Your task ::
Below are entries. Give back exactly the lines from the one containing "Child of the" through the one containing "兰州新区疫情(兰州新区疫情期间逾期交房怎么办)", inclusive, without the pictures.

[Start of section]

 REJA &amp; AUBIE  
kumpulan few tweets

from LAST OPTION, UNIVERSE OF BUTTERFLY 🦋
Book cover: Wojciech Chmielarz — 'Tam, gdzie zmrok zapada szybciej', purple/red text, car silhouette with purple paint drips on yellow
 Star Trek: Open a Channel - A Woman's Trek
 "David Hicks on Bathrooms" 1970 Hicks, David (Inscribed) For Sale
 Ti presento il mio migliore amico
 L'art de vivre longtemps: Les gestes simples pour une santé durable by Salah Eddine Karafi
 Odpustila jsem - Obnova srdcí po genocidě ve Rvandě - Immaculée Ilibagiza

[End of section]
[Start of section]

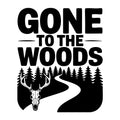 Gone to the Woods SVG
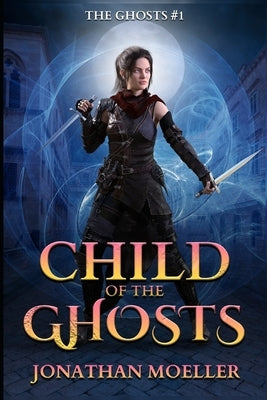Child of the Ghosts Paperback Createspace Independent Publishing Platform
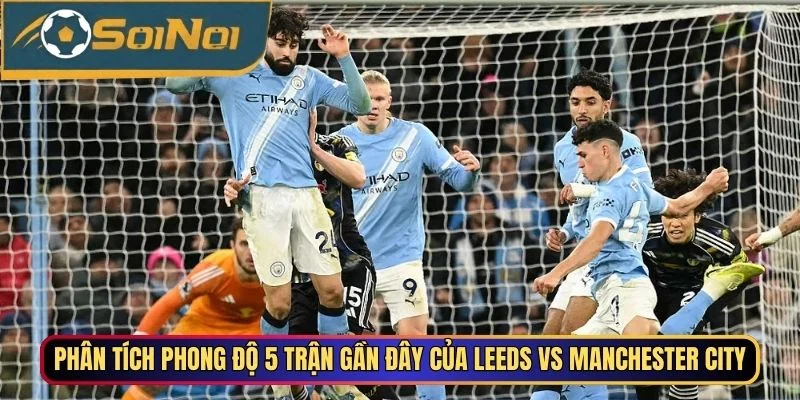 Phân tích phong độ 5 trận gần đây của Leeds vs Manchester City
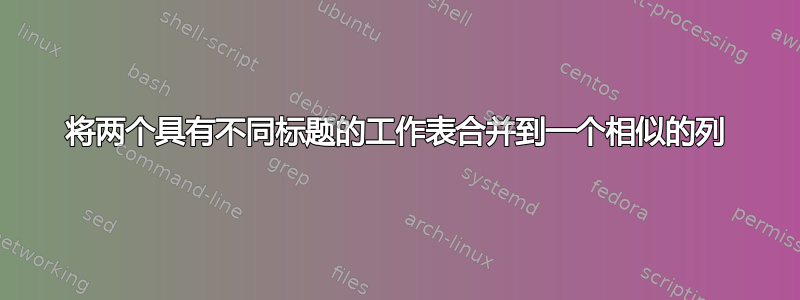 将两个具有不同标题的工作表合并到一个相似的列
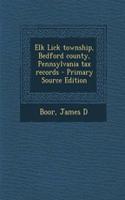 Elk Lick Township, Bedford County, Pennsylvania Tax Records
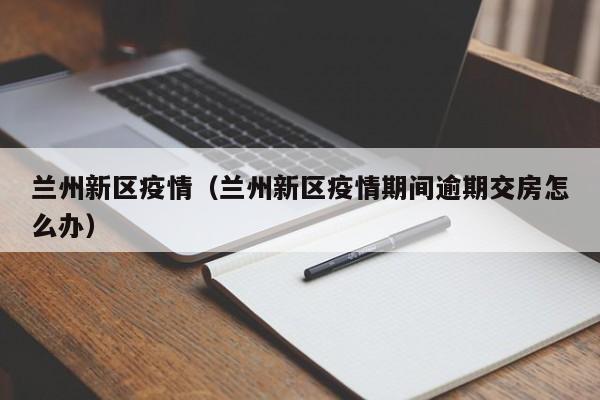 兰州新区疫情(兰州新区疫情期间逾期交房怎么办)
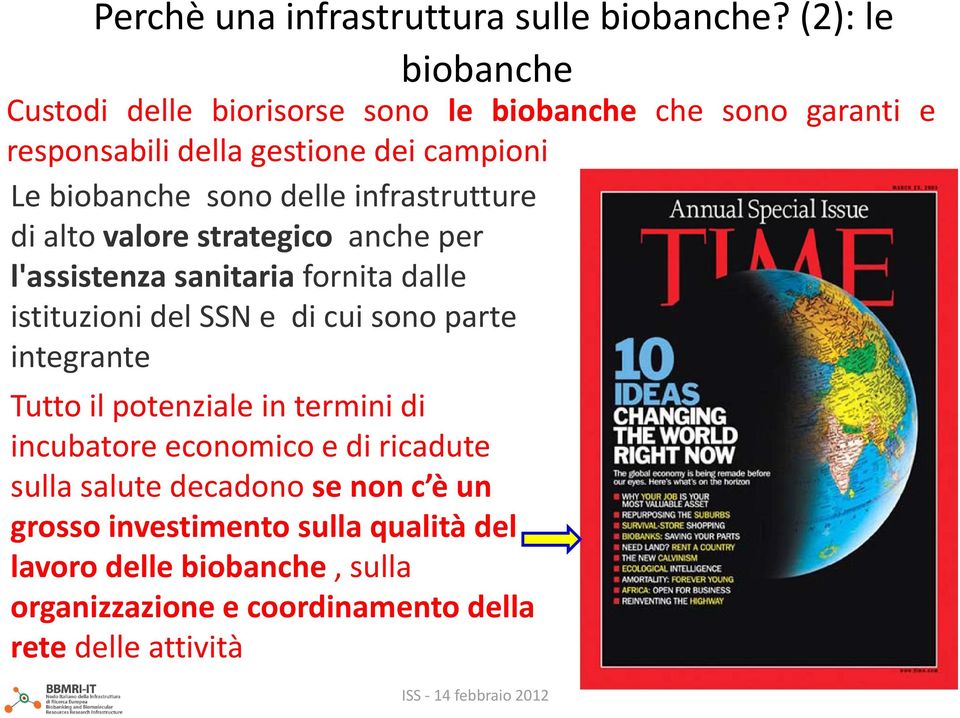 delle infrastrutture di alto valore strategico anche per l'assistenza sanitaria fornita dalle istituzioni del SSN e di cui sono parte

[End of section]

Task response ::
Child of the Ghosts Paperback Createspace Independent Publishing Platform
 Phân tích phong độ 5 trận gần đây của Leeds vs Manchester City
 将两个具有不同标题的工作表合并到一个相似的列
 Elk Lick Township, Bedford County, Pennsylvania Tax Records
 兰州新区疫情(兰州新区疫情期间逾期交房怎么办)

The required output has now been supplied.